人材の育成こそが最重要課題――日本企業なら「我慢」も必要
「私が社長に就任する第一の目的は『経営者人材の育成』です」
「私は16年間、追い詰められた日本企業の『事業再生』に取り組む仕事をしてきて、いまの日本経済の不調は、日本の経営者人材が枯渇しているために起きている、と感じています」
これらは、著者が、ミスミの社長に就任した際の記者会見で発した言葉だという。
著者は、ミスミでの経営者としての12年間、常に意識し続けた課題が、この「経営者人材の育成」であったと述懐する。退任時にはミスミの経営を40代の経営陣に引き渡すことを目指して、若手の育成に全力を注いだという。

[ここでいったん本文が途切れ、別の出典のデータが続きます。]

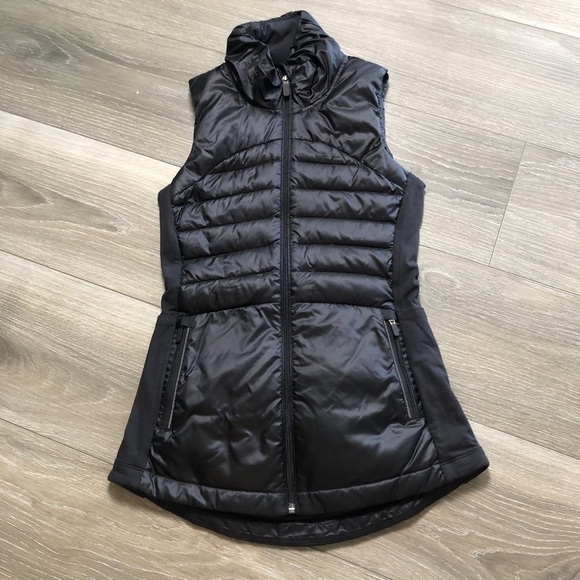 Lululemon Down For A Run Vest II Womens Black Inkwell Puffer Vest Size 2 - Picture 2 of 10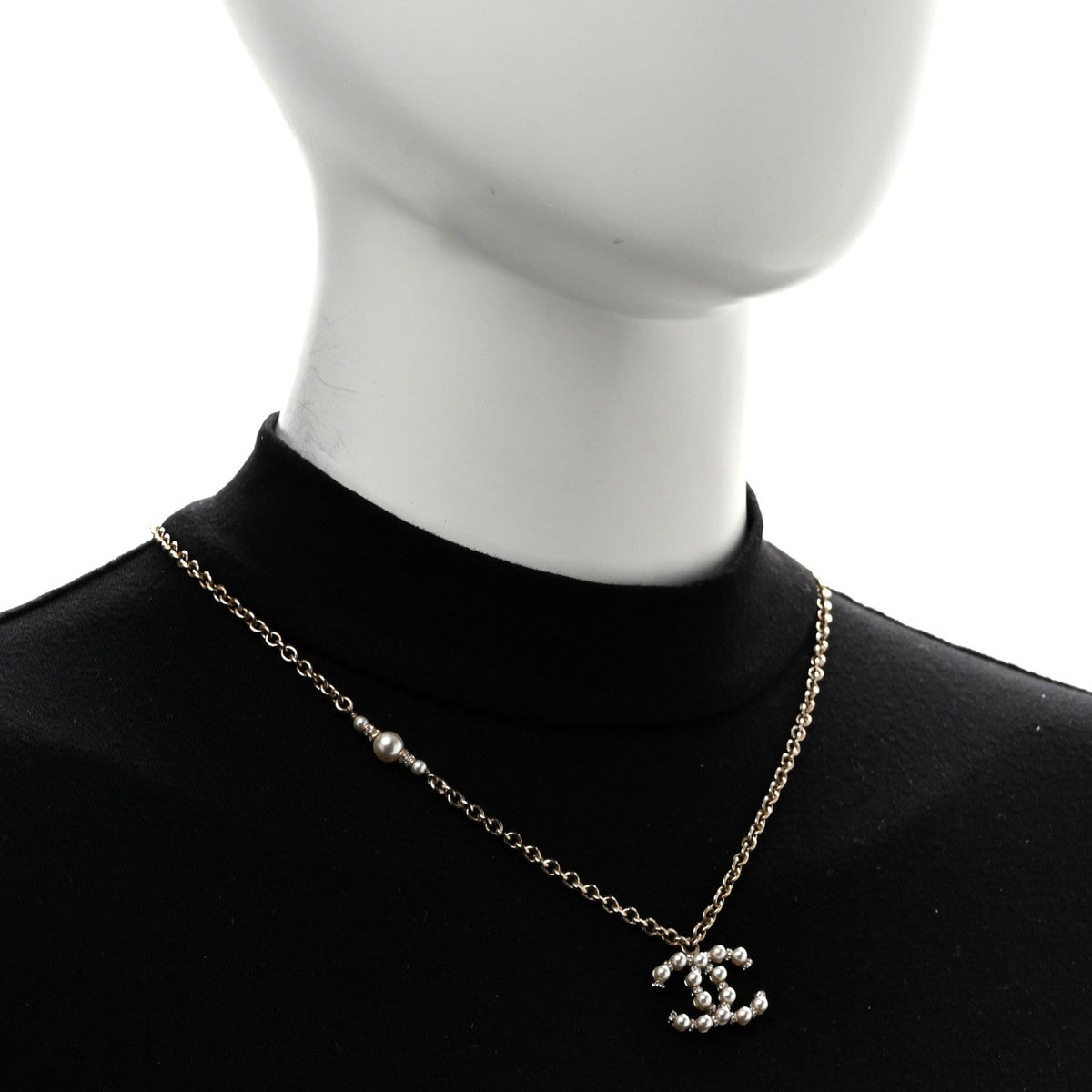 Crystal Pearl Nefertiti CC Pendant Necklace Gold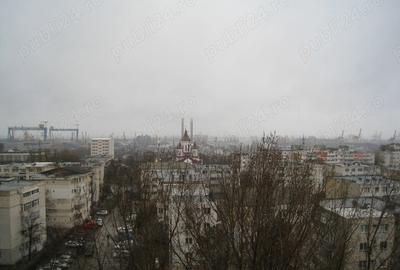 Apartament cu 2 camere decomandat în Abator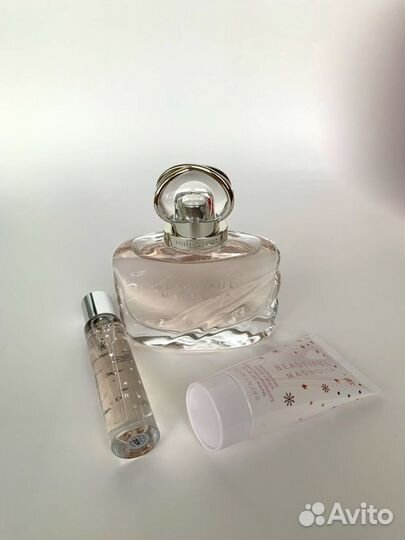 Туалетная вода Beautiful Magnolia Estée Lauder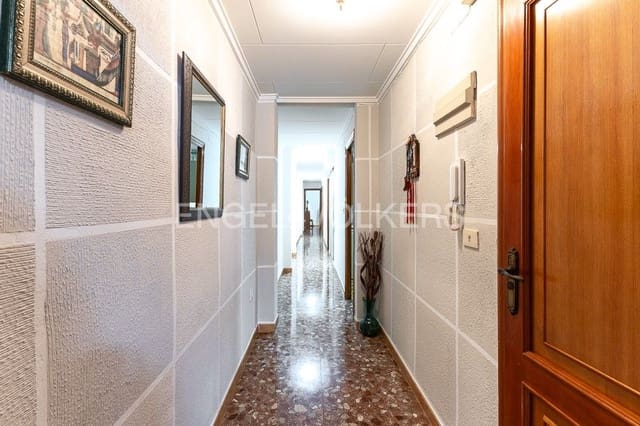 5 quarto Casa em Banda para venda em Sueca com garagem - 310 000 € (Ref: 9080443)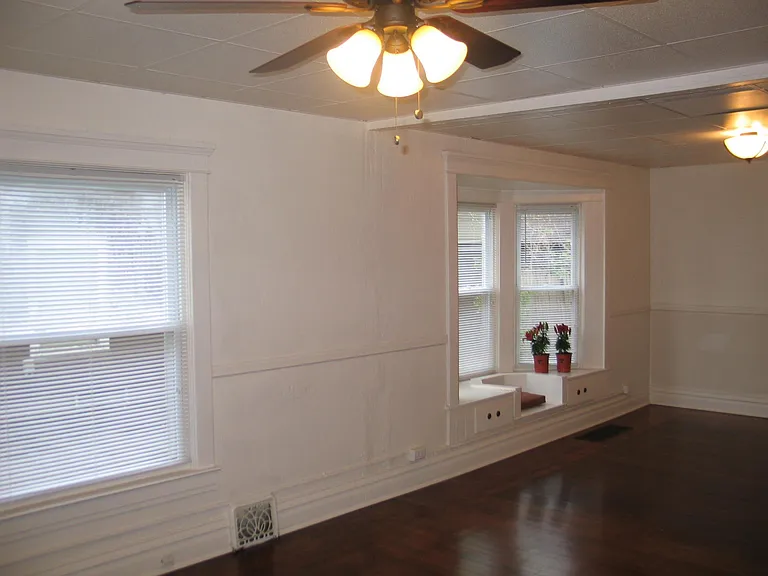 124 E Barnes Ave — Photo 5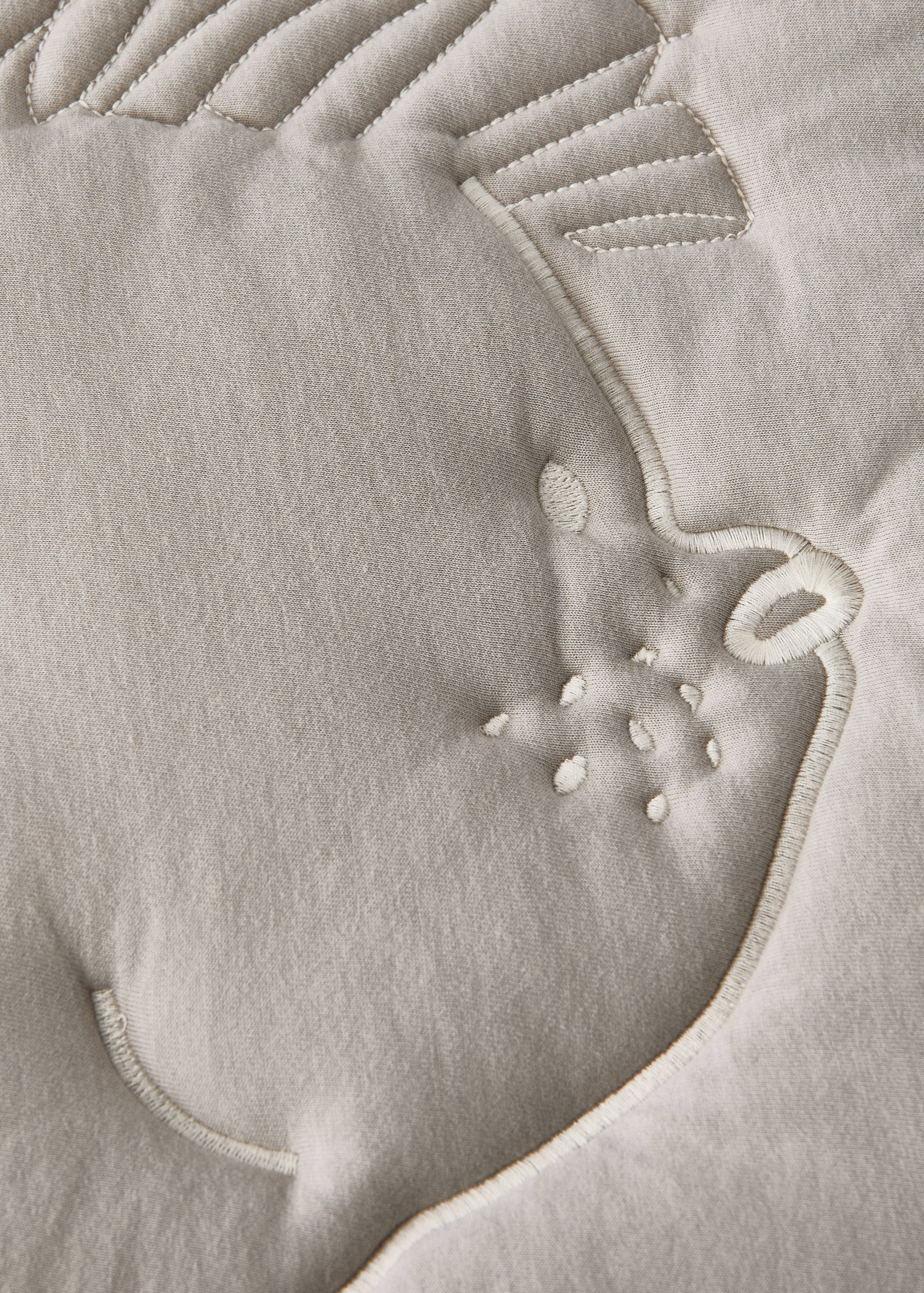 Children's quilted hedgehog rug - Details of the article 2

しかし、その道程は困難を極め、「いまは能力不足でも、育てるために面倒を見る」というやり方をやめ、人材の良し悪しの判断を早めて、こいつはダメだと思えばサッと入れ替えるようなやり方をとったほうが、この苦しさから抜け出る早道かもしれないと何度か思ったと語る。
それでも著者は、当時50代の「できあがった経験者たち」を集めるという誘惑を我慢し、「経営者予備軍が通う幼年学校の校長先生」として、初歩から繰り返し、何度も何度も指導を重ねた。結果として、この我慢は奏功した。
いま、振り返ると、経営者人材を育成するのには10年単位の期間が必要だったという。
欧米企業では、2~3年で成果を出せるかどうかで経営者を取り換えていくが、生え抜き登用が一般的な日本企業においては、中長期の視点から人材育成を考えなくてはならない。
「経営者の技量は、過去に経験した『死の谷』の回数で決まる」
リーダーは、経営者人材を育てるために、あえて困難や修羅場の経験を積ませるとともに、そこでの失敗やもたつきを我慢する腹の据わった覚悟が必要なのだ。
本書を通読すると、まず、プロ経営者としての著者の偉大さが目に付くが、ここで取り上げられている一つ一つの具体例は、日本の「ふつう」の企業において、しばしば目にする光景ばかりだ。
自分には(自分の会社では)無理だと思わず、参考となるアイディア、アプローチを取り入れ、ねばり強くこだわり続けられるかどうかが読者にとっての本書の価値となろう。